How to Pronounce Μοιχεία

The Greek word μοιχεία is commonly transliterated into English as moicheia.

A simple English pronunciation guide would be: moy-KHEE-ah.

You can also hear it pronounced through standard lexicon tools here: Blue Letter Bible pronunciation / lexicon entry.


Here is a tight but in-depth study of μοιχεία (moicheia) in the context of my broader framework.

In my recent material, adultery is the clearest explicit covenant-theft category and the main violation of an existing marital or headship claim, rather than a blanket synonym for all sexual sin. In that framework, adultery is not just impurity in the abstract. It is trespass. It is intrusion into an already claimed field.

Core Lexical Sense

The Greek noun μοιχεία means adultery, that is, the violation of the marriage covenant by illicit sexual union. It belongs to a family of related words such as μοιχεύω (to commit adultery), μοιχός (adulterer), and μοιχαλίς (adulteress).

Important Textual Note

Strictly speaking, the noun μοιχεία appears in the New Testament tradition in the following places:

  • Matthew 15:19
  • Mark 7:21
  • John 8:3
  • Galatians 5:19 in the Textus Receptus / KJV tradition, though many modern critical editions omit it there as a textual variant

Also worth noting: some passages strongly relevant to adultery use cognate verbal forms rather than the noun itself.

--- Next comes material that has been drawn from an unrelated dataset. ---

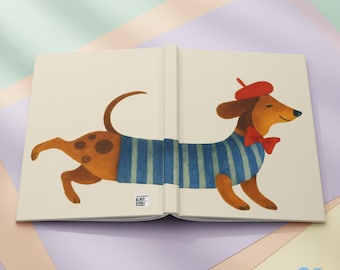 Puede incluir: Diario abierto con una ilustración caprichosa de un perro salchicha. El perro lleva una camisa a rayas azules y blancas, una pajarita roja y una boina roja. El diario está abierto, revelando el diseño ilustrado.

For example, Romans 13:9 invokes the command, “You shall not commit adultery,” but does not use the noun μοιχεία.

Every New Testament Usage of Μοιχεία

1) Matthew 15:19

Text: “For out of the heart come evil thoughts, murders, adulteries, fornications...”

Greek form: μοιχεῖαι (plural)

Function: Jesus places adultery among heart-generated defilements. The issue is not merely outward ritual contamination but interior corruption that breaks out into action.

Old Testament quote or in scope? Not a direct quotation, but clearly in scope.

Relevant Old Testament background:

  • Exodus 20:14 — “You shall not commit adultery”
  • Deuteronomy 5:18 — repetition of the same command

Why it matters: Matthew 15:19 does not broaden adultery into all sexual sin. It keeps adultery as one specific category among several distinct categories.

2) Mark 7:21

Text: “For from within, out of the heart of men, come evil thoughts, fornications, thefts, murders, adulteries...”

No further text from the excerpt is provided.